### Data listing
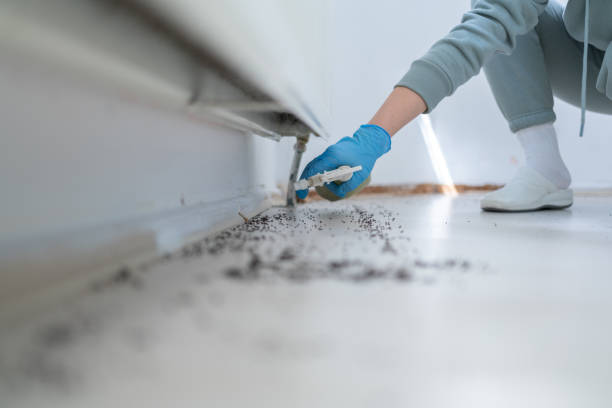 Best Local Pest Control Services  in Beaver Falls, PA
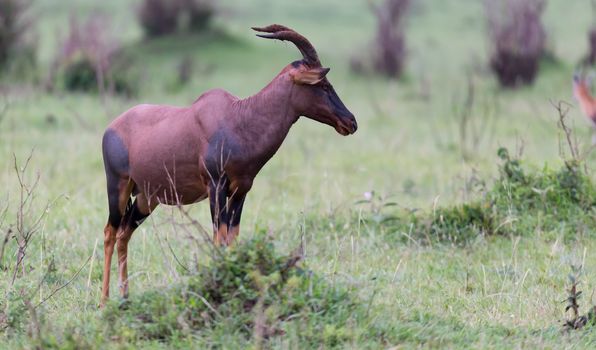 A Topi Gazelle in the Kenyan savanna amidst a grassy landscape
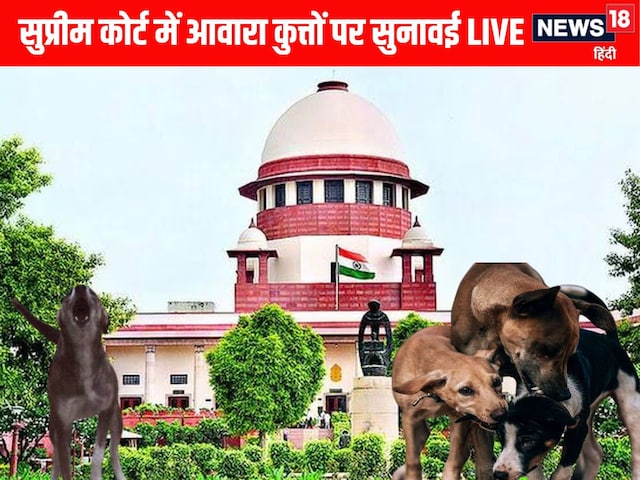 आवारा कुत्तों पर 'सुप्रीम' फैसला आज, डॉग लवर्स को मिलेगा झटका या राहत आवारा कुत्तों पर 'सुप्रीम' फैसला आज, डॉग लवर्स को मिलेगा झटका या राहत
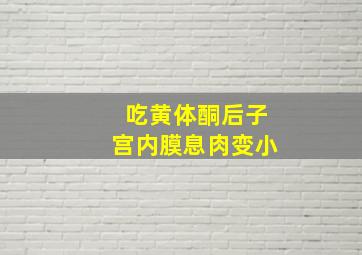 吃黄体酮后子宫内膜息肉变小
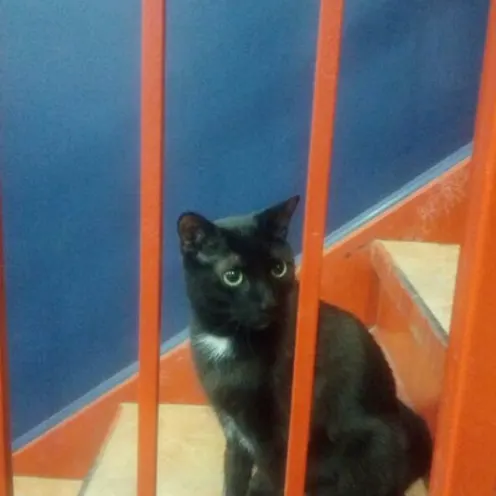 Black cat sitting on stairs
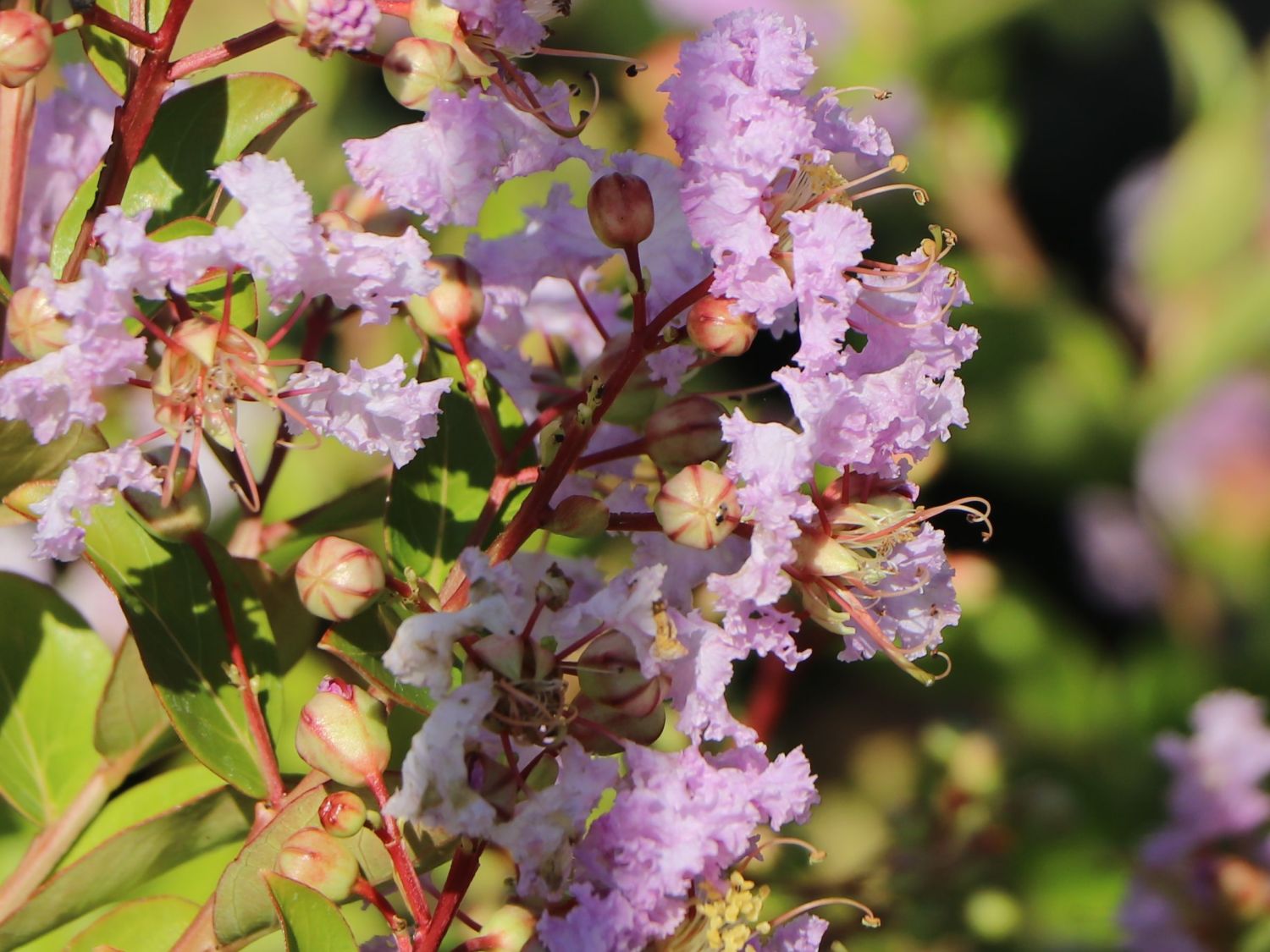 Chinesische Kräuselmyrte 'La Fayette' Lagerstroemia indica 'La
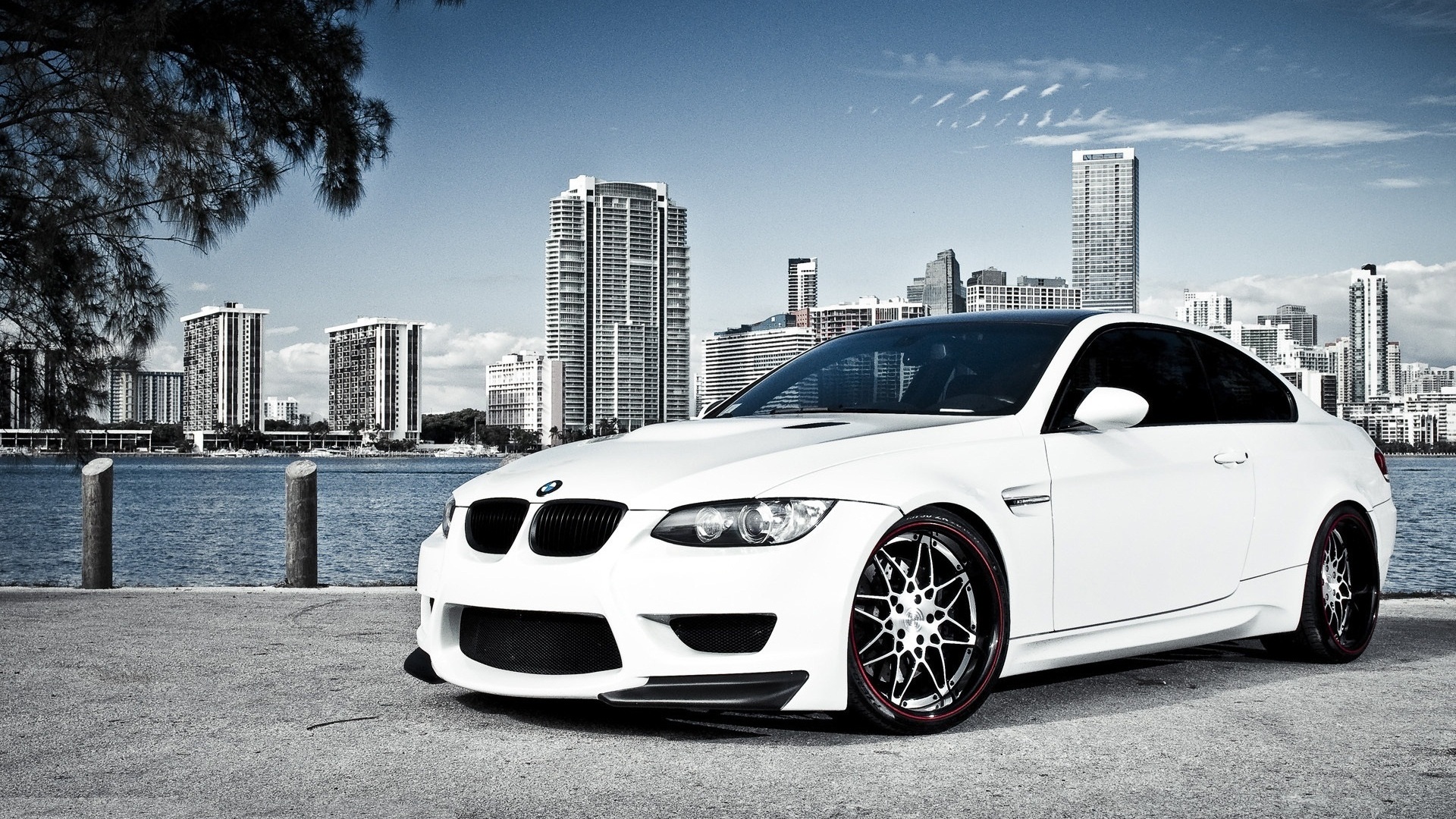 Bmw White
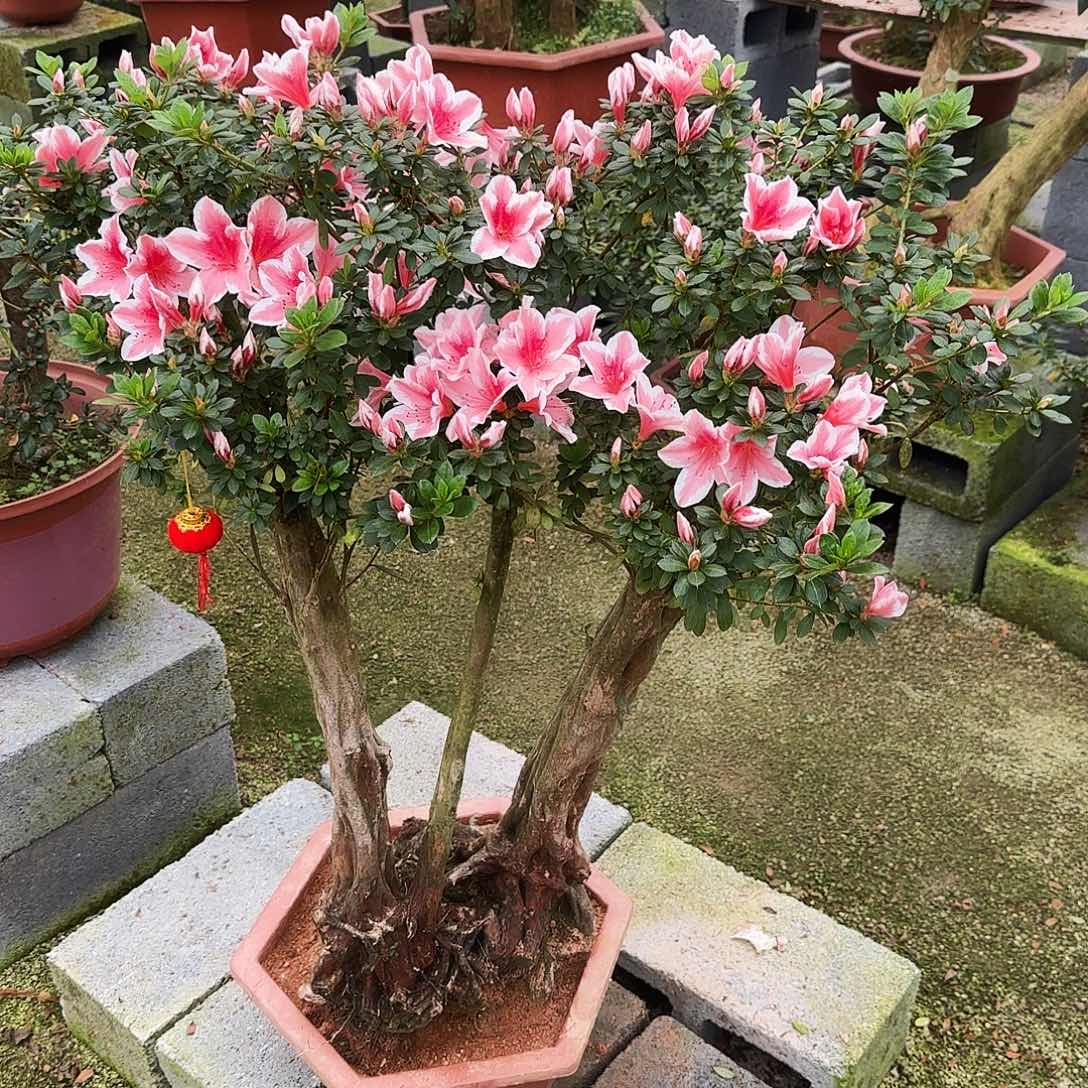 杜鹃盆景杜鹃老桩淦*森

* * *

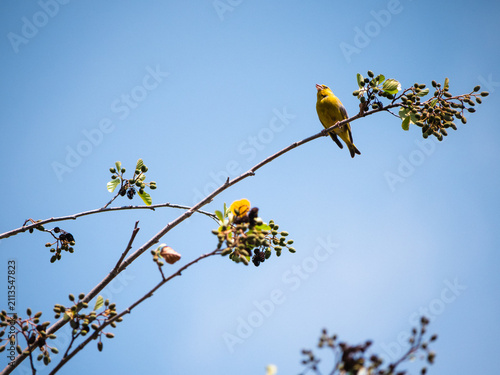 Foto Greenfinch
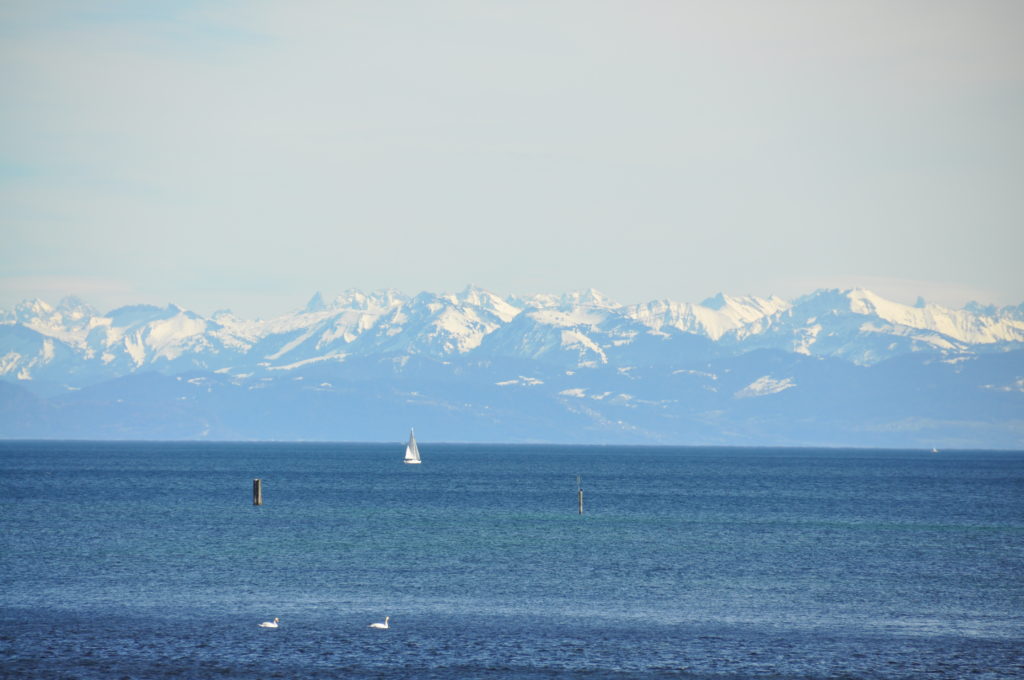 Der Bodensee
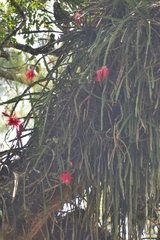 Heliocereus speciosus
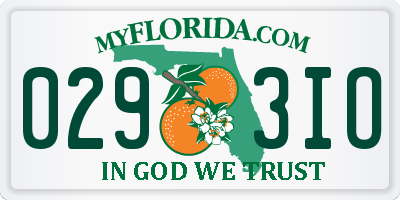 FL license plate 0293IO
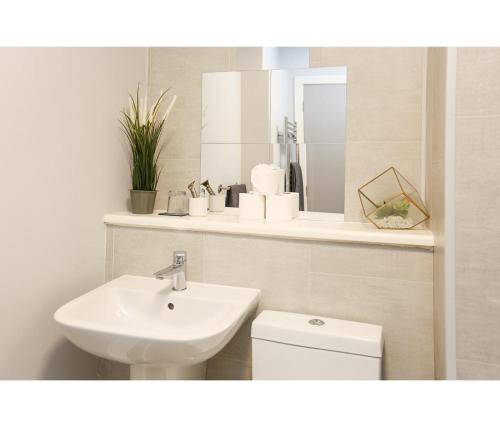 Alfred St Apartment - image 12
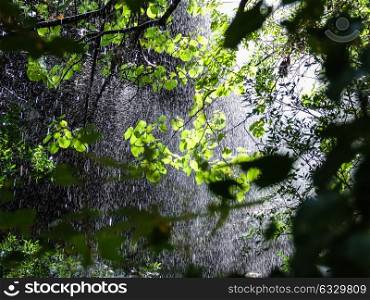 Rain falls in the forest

* * *

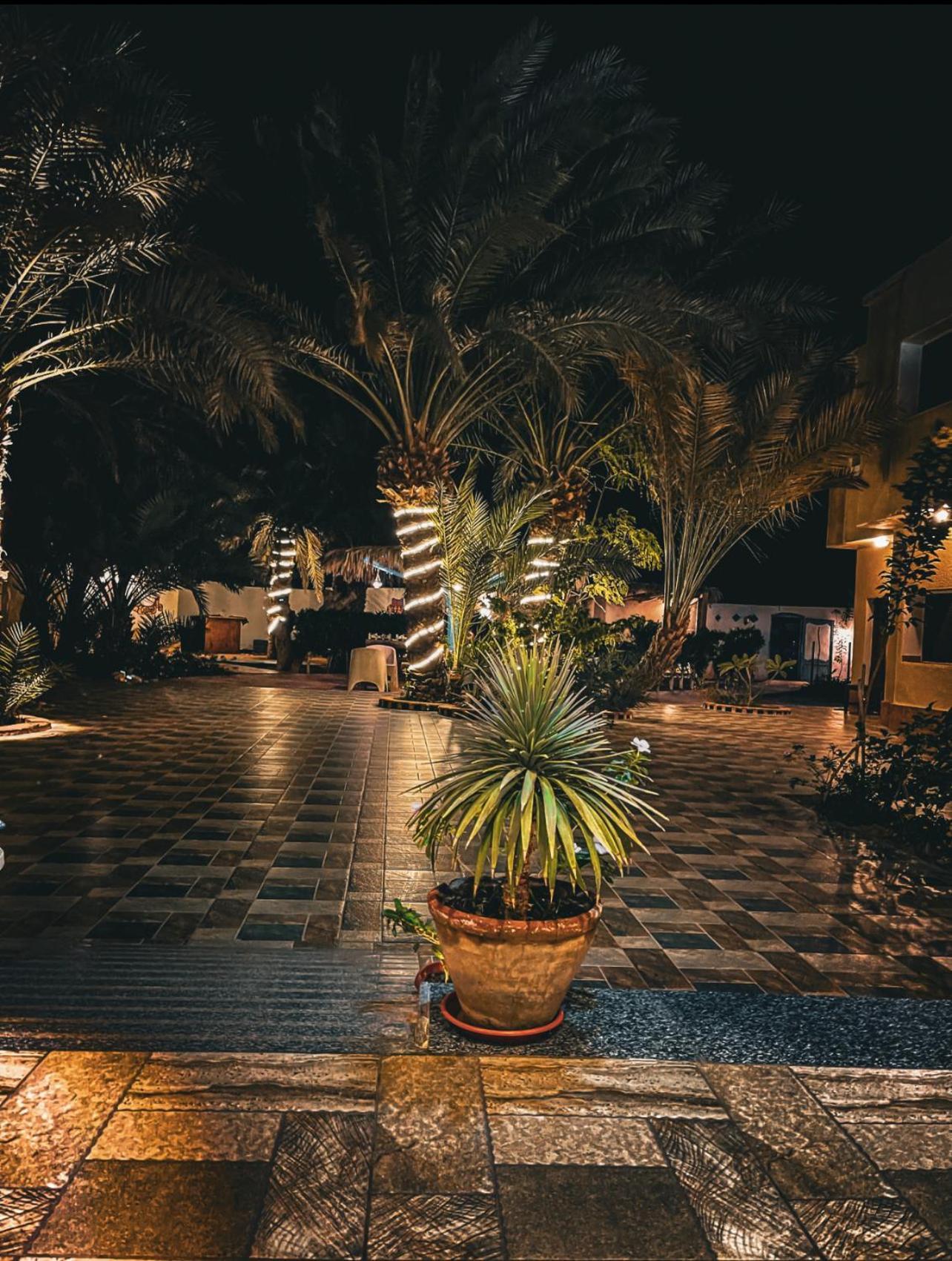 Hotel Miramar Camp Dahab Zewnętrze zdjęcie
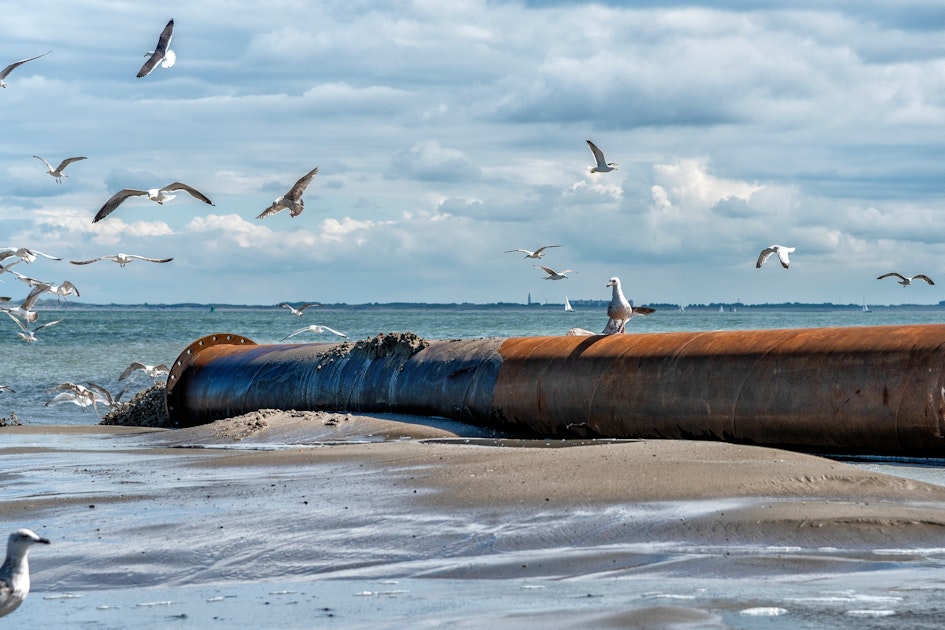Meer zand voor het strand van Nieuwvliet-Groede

### The problem
Starting with the line above that holds "Best Local Pest", restate each line word for word up to and including the line that holds "杜鹃盆景杜鹃老桩淦*森". Drop the pictures.

### Result below
 Best Local Pest Control Services  in Beaver Falls, PA
 A Topi Gazelle in the Kenyan savanna amidst a grassy landscape
 आवारा कुत्तों पर 'सुप्रीम' फैसला आज, डॉग लवर्स को मिलेगा झटका या राहत आवारा कुत्तों पर 'सुप्रीम' फैसला आज, डॉग लवर्स को मिलेगा झटका या राहत
 吃黄体酮后子宫内膜息肉变小
 Black cat sitting on stairs
 Chinesische Kräuselmyrte 'La Fayette' Lagerstroemia indica 'La
 Bmw White
 杜鹃盆景杜鹃老桩淦*森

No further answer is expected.